--- PROVIDED MATERIAL ---
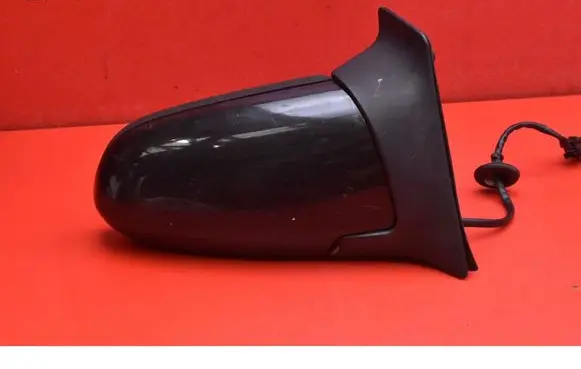 Opel Zafira A Front door electric wing mirror 0156016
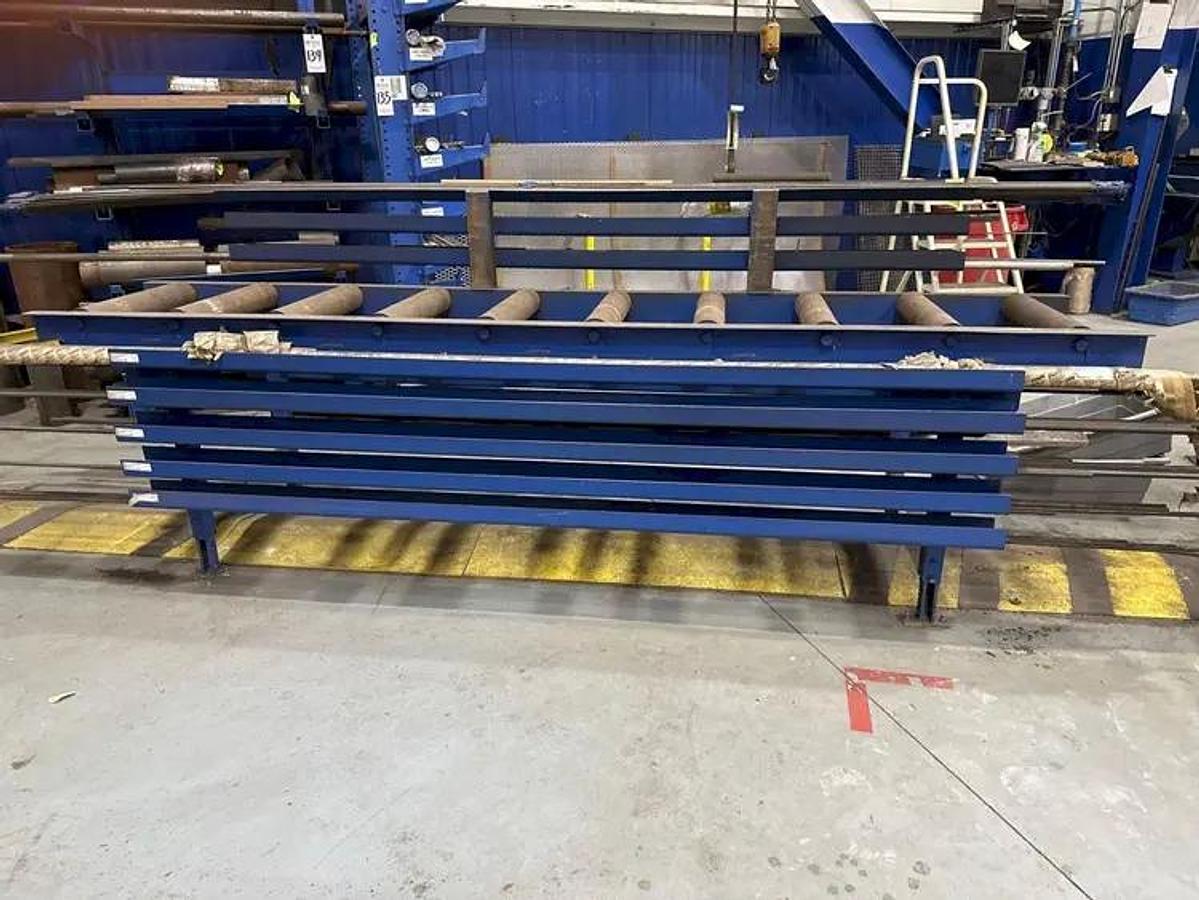 Used HYD-MECH M 16A 16" X 25" Automatic Horizontal Pivot Type Bandsaw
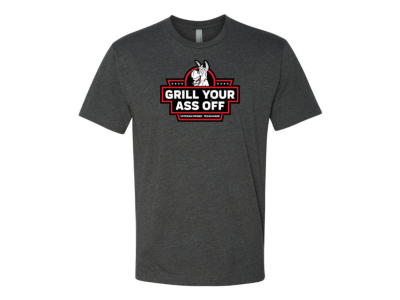Grill Your Ass Off The General Shirt, Small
---
Repeat all of the listing above word for word, and exclude the pictures.

(RESULT OF THIS TASK)
 Opel Zafira A Front door electric wing mirror 0156016
 Used HYD-MECH M 16A 16" X 25" Automatic Horizontal Pivot Type Bandsaw
Grill Your Ass Off The General Shirt, Small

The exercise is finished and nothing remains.